Thread: String manipulation.

  1. #1
    Internet Superhero
    Join Date
    Sep 2006
    Location
    Denmark
    Posts
    964

    String manipulation.

    Im having problems with a function of mine. I was just practicing playing with c++ strings, and most of the program works just fine, but after i tried to add a function to calculate the Digit Sum of the numbers in the string, i encountered some weird behaviour.

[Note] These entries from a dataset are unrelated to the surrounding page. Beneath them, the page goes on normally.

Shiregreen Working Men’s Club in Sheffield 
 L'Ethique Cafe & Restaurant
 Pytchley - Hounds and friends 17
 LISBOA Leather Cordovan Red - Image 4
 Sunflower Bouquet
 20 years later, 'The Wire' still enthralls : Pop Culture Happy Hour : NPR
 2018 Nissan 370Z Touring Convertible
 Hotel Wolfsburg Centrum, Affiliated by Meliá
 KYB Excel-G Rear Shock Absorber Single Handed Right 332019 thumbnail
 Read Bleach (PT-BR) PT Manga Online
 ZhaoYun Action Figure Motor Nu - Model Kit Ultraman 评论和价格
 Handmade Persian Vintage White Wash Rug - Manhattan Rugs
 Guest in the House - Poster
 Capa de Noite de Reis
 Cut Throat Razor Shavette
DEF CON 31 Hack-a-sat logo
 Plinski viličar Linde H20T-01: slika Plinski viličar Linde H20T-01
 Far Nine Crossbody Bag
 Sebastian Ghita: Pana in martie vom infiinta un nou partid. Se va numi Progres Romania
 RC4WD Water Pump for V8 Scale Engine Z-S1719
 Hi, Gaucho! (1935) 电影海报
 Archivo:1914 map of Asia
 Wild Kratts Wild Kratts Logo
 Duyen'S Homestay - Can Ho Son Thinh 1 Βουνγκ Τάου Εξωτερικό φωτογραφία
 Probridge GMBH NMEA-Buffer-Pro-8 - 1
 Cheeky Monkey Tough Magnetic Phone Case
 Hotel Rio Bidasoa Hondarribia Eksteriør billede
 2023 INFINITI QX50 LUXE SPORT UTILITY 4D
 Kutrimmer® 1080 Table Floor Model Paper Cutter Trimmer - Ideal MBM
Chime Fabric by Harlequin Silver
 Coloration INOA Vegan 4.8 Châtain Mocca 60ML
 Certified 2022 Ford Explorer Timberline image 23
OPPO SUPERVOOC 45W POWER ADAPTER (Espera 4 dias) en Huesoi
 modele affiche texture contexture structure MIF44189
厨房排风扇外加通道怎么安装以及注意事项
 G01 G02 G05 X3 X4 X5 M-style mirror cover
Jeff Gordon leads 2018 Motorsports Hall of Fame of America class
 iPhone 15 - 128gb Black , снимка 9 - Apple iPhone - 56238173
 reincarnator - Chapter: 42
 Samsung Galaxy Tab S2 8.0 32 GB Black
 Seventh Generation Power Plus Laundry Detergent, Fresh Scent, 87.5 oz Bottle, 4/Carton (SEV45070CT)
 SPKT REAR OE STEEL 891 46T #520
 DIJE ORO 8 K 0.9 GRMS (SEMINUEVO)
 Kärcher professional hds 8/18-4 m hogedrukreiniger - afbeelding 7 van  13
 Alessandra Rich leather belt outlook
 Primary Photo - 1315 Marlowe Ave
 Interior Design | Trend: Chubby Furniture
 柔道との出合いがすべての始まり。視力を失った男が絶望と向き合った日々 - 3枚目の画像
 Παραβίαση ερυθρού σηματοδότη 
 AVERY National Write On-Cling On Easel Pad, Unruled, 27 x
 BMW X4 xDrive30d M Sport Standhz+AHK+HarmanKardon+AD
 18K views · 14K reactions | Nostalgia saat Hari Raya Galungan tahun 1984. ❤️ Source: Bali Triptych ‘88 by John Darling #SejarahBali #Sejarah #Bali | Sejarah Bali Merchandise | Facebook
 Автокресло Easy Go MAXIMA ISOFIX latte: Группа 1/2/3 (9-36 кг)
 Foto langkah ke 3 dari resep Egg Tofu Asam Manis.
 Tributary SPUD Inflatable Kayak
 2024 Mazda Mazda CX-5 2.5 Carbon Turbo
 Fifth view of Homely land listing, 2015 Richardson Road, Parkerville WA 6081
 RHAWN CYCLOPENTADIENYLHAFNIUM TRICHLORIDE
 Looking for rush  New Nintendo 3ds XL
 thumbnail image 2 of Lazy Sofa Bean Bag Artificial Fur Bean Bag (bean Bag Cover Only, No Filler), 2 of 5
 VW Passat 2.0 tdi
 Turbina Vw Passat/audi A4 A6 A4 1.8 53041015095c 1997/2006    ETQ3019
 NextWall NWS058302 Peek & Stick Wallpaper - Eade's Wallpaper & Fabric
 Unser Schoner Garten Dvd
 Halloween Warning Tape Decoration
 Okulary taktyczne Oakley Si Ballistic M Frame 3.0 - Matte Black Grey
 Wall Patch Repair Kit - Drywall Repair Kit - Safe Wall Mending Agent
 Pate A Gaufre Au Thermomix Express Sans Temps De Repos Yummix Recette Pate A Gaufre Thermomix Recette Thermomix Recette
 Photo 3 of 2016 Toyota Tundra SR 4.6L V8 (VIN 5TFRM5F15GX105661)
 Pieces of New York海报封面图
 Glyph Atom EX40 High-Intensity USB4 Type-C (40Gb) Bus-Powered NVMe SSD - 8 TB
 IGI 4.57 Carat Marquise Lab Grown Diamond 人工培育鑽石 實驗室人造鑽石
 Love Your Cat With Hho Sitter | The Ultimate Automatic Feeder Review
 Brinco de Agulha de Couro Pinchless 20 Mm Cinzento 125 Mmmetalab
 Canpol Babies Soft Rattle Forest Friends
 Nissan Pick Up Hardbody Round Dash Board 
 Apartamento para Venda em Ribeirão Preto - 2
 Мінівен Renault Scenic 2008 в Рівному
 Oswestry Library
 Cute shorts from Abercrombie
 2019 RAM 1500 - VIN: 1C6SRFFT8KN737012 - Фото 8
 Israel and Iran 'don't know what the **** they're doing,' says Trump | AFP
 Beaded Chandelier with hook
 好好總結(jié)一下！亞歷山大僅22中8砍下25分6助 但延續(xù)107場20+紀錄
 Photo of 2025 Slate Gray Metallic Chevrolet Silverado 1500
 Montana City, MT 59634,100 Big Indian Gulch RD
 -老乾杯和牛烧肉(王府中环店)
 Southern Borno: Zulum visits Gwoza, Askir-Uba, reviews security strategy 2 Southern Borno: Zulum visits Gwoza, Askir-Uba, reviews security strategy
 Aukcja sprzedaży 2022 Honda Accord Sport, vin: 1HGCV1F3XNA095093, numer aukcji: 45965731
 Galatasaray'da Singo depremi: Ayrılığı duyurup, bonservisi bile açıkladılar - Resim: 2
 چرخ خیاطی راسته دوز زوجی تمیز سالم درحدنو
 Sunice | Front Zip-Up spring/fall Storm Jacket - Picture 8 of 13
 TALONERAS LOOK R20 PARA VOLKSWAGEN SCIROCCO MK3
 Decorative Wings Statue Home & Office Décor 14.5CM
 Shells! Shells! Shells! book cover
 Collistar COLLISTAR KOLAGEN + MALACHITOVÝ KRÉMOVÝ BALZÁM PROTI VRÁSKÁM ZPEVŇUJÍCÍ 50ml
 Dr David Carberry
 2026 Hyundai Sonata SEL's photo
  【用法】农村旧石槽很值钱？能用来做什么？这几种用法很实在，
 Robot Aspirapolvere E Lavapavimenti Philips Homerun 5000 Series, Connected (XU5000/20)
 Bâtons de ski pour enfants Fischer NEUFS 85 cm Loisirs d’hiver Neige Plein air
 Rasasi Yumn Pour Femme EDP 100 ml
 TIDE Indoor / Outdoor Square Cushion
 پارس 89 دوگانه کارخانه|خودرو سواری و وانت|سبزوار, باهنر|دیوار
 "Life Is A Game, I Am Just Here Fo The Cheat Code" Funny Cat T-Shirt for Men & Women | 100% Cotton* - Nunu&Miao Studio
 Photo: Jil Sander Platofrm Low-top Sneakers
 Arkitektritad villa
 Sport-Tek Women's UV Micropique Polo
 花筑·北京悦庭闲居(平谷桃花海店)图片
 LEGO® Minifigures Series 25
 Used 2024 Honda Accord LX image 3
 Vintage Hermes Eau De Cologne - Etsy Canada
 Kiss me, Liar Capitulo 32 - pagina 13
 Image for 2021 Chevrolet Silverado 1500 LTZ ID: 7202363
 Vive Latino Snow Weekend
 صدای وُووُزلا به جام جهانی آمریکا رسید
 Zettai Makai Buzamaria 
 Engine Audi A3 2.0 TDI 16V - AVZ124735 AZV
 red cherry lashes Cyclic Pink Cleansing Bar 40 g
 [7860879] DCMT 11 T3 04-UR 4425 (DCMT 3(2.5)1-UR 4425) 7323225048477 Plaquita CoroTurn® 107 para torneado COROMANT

    If i just input the string to be 1, the digit sum is 49, 2 is 50, 3 is 51, and so on. It doesn't really make sense, and the code looks fine to me.

    Code:
    #include <iostream>
    #include <string>
    
    int ZeroTest(std::string str);
    int EvenTest(std::string str);
    int OddTest(std::string str);
    int StrTotal(std::string str);
    
    int main()
    {
        int ZeroCount = 0, EvenCount = 0, OddCount = 0, Total = 0;
        std::string str;
        
        std::cout << "Enter string to test: ";
        std::cin >> str;
        std::cout << std::endl;
        
        ZeroCount = ZeroTest(str);
        EvenCount = EvenTest(str);
        OddCount = OddTest(str);
        Total = StrTotal(str);
        
        if((ZeroCount + EvenCount + OddCount) == str.size())
        {
                      std::cout << "Number of zeroes : " << ZeroCount << std::endl;
                      std::cout << "Number of evens : " << EvenCount << std::endl;
                      std::cout << "Number of odds : " << OddCount << std::endl << std::endl;
                      std::cout << "String total is : " << Total << std::endl;
                      std::cout << "String size is : " << str.size() << std::endl;
        }
        else
        {
                      std::cerr << "String size error" << std::endl;
        }
        std::cin.ignore(2);
        return 0;
    }
    
    int ZeroTest(std::string str)
    {
        int i = 0, ZeroCount = 0;
        
        for(i; i < str.size(); i++)
        {
               if(str[i] == '0')
               {
                         ZeroCount++;
               }
        }
        return(ZeroCount);
    }
    
    int EvenTest(std::string str)
    {
        int i = 0, EvenCount = 0;
        
        for(i; i < str.size(); i++)
        {
               if(str[i] % 2 == false && str[i] != '0')
               {
                         EvenCount++;
               }
        }
        return(EvenCount);
    }
    
    int OddTest(std::string str)
    {
        int i = 0, OddCount = 0;
        
        for(i; i < str.size(); i++)
        {
               if(str[i] % 2 == true)
               {
                          OddCount++;
               }
        }
        return(OddCount);
    }
    
    int StrTotal(std::string str)
    {
        int i = 0, Total = 0;
        
        while(i < str.size())
        {
               Total = Total + str[i];
               i++;
        }
        return(Total);
    }

  2. #2
    Registered User
    Join Date
    Jan 2005
    Posts
    7,366
    When you use a character as an integer, the character's character code is used instead. If you have a digit like '1', you have to convert it to the actual number 1 before you use it in your calculation.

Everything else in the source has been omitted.